Whatever the merits or possibility of a united Democratic ticket, one conclusion seems inescapable: Clinton needs Obama more than Obama needs Clinton. Should she become the nominee, Clinton will need Obama and his fervent supporters in November. Not only does Obama appeal to liberal Democrats, but he has proved uncanny in his ability to mobilize anti-war moderate voters, those who have never before participated in the political process, and those attracted to the progressive post-partisan agenda that Obama champions. Indeed, Obama has attracted a passionate grassroots and volunteer force (you need look no further than the huge amount of donors giving to the campaign in small increments) that recalls Howard Dean's, but one that actually converted that broad-based and cross-over support into an Iowa victory.
In the spin room last night, I made my way to the nucleus of the press circle surrounding Clinton adviser Mark Penn and I asked him if, given Obama's ability to increase the size of the electoral pie for the Democrats, Clinton needs Obama more than he needs her. Penn responded (based on my best shorthand notes without a recorder), "Either nominee will generate new votes. In Florida there was a record turnout for Senator Clinton. So you're seeing her attract a tremendous amount of supporters as well." While Clinton took the Florida vote by a decisive margin, that total requires an asterisk given the candidates (mostly) honored pledge not to campaign in the Sunshine State.
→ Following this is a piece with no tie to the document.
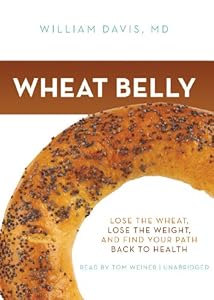 Wheat Belly: Lose the Wheat, Lose the Weight, and Find Your Path Back to Health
And, when comparing the Democratic winner's votes in South Carolina and Florida as a percentage of the total Republican turnout, Obama's South Carolina votes represented 67% of the South Carolina GOP total compared to Clinton's Florida votes making up 45% of the Florida GOP total. Moreover, the combined Florida votes for McCain and Romney (1,291,696) easily best Clinton's Florida total (857,208), whereas Obama's South Carolina haul (295,091) tops McCain and Huckabee's combined take (279,723).
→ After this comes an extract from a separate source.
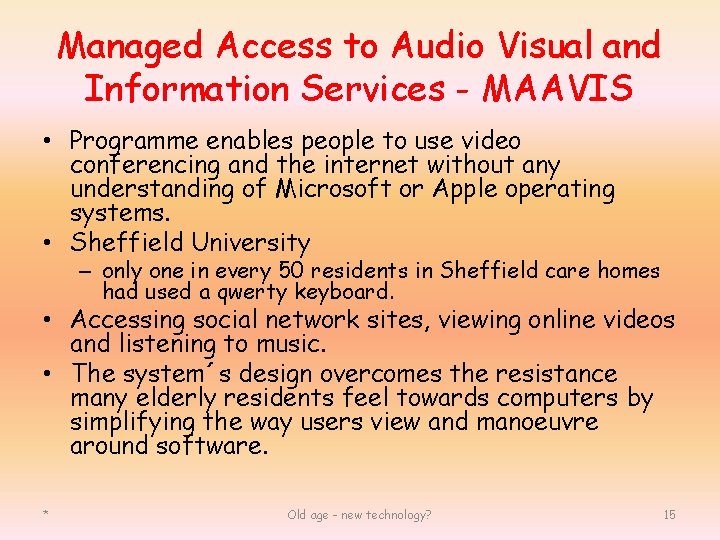 Managed Access to Audio Visual and Information Services - MAAVIS • Programme enables people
While Penn did his best to play up the Florida non-contest, Obama's comparative drawing power is undeniable. And regardless of how you crunch the numbers, if nominated, Clinton will need Obama's passionate grassroots organization to augment her own. This recalls the argument that Obama attracts many voters who would otherwise not vote for Clinton (or vote at all), whereas the Clinton voters I know are excited by Obama, and would have less difficulty transferring their passion for her to him.
The glow from the last Democratic love fest in Las Vegas quickly gave way to rancorous campaigning in South Carolina. Whether the goodwill and party unity on display in Hollywood can last will depend in large part on how Senator Clinton balances her desire to win with the necessity to eventually convert Barack's voters--many of whom are not traditional Democratic voters and would not support a ticket whose bumper stickers do not include the name Obama, be it in first (or second) position.